We need to get beyond the averages with the wait event histograms. They don’t show lower than millisecond in the AWR report (I’ve opened an enhancement request for 12.2 about that) but I collected them from the V$EVENT_HISTOGRAM_MICRO
Bare Metal:
EVENT WAIT_TIME_MICRO WAIT_COUNT WAIT_TIME_FORMAT
---------------------------------------- --------------- ---------- ------------------------------
cell single block physical read 1 0 1 microsecond
cell single block physical read 2 0 2 microseconds
cell single block physical read 4 0 4 microseconds
cell single block physical read 8 0 8 microseconds
cell single block physical read 16 0 16 microseconds
cell single block physical read 32 0 32 microseconds
cell single block physical read 64 0 64 microseconds
cell single block physical read 128 533 128 microseconds
cell single block physical read 256 240142 256 microseconds
cell single block physical read 512 7818 512 microseconds
cell single block physical read 1024 949 1 millisecond
cell single block physical read 2048 491 2 milliseconds
cell single block physical read 4096 1885 4 milliseconds
cell single block physical read 8192 3681 8 milliseconds
cell single block physical read 16384 2562 16 milliseconds
cell single block physical read 32768 257 32 milliseconds
cell single block physical read 65536 52 65 milliseconds
cell single block physical read 131072 3 131 milliseconds
cell single block physical read 262144 0 262 milliseconds
cell single block physical read 524288 1 524 milliseconds
Virtualized:
EVENT WAIT_TIME_MICRO WAIT_COUNT WAIT_TIME_FORMAT
---------------------------------------- --------------- ---------- ------------------------------
cell single block physical read 1 0 1 microsecond
cell single block physical read 2 0 2 microseconds
cell single block physical read 4 0 4 microseconds
cell single block physical read 8 0 8 microseconds
cell single block physical read 16 0 16 microseconds
cell single block physical read 32 0 32 microseconds
cell single block physical read 64 0 64 microseconds
cell single block physical read 128 1 128 microseconds
cell single block physical read 256 322113 256 microseconds
cell single block physical read 512 105055 512 microseconds
cell single block physical read 1024 1822 1 millisecond
cell single block physical read 2048 813 2 milliseconds
cell single block physical read 4096 681 4 milliseconds
cell single block physical read 8192 283 8 milliseconds
cell single block physical read 16384 231 16 milliseconds
cell single block physical read 32768 64 32 milliseconds
cell single block physical read 65536 11 65 milliseconds
cell single block physical read 131072 3 131 milliseconds
In the first run we see more reads around 8ms which confirms the previous guess that we had more flash cache hit on the second run.

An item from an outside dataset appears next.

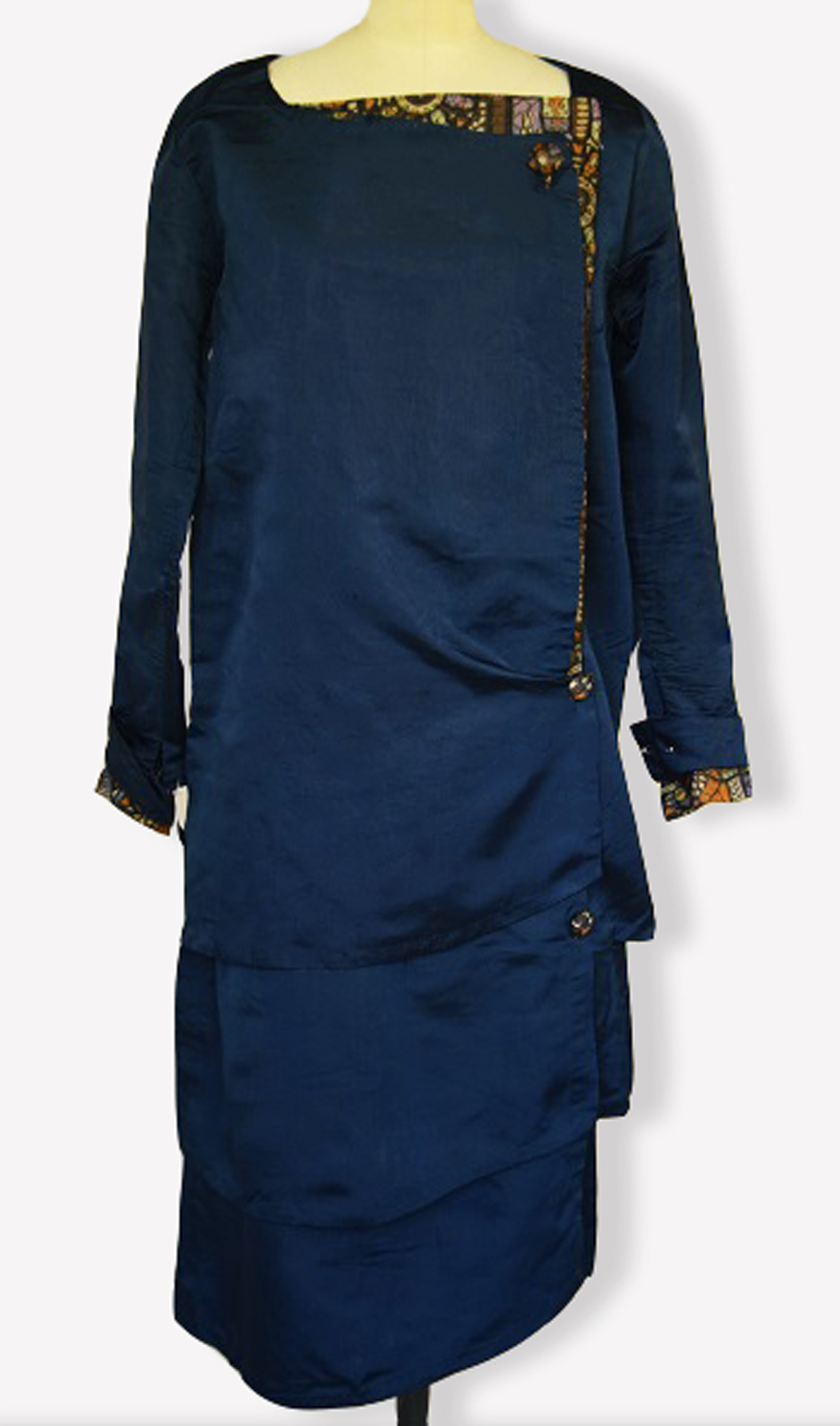 1920F – Robe – 15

The waits between 128 and 512 milliseconds are from the cell flash storage and this is where I want to see if virtualization has an overhead.

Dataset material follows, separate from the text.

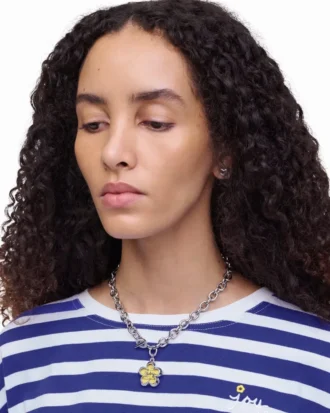 The Daisy Puzzle Necklace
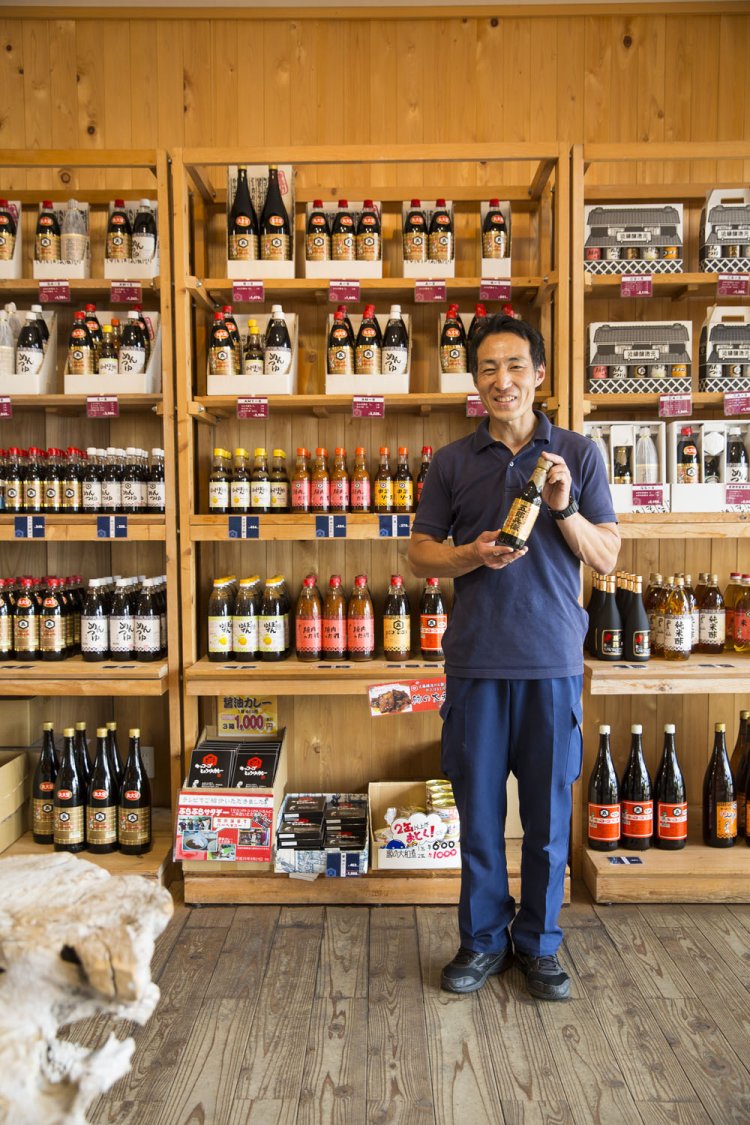 店自慢のこの醤油を使います。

I’ve put it in color there where it’s easier to visualize that most of the reads are in the 128-256 range. Bare Metal in blue, OVM in orange.

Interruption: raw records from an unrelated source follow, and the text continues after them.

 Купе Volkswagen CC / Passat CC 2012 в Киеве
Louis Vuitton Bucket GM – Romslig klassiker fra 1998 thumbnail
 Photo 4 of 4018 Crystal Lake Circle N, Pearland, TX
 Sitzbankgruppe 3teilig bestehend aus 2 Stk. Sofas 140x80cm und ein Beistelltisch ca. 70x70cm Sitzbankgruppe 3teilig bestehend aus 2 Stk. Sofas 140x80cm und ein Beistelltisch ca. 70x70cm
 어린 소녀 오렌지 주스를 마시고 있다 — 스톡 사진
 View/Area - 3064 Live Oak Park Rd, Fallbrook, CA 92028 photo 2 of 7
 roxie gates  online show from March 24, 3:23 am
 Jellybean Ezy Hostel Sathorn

In Bare Metal, most of the reads are faster than 256 microseconds. In virtualized there are some significant reads are above. This may be cause by virtualization but anyway that’s not a big difference. I don’t think that virtualization overhead is an important criteria when choosing how to install your Exadata. Storage capacity planning is the major criteria: consolidate all storage in two diskgroups (DATA and RECO) for all databases, or partition them for each cluster. choice is about manageability and agility in provisioning vs. licence optimization.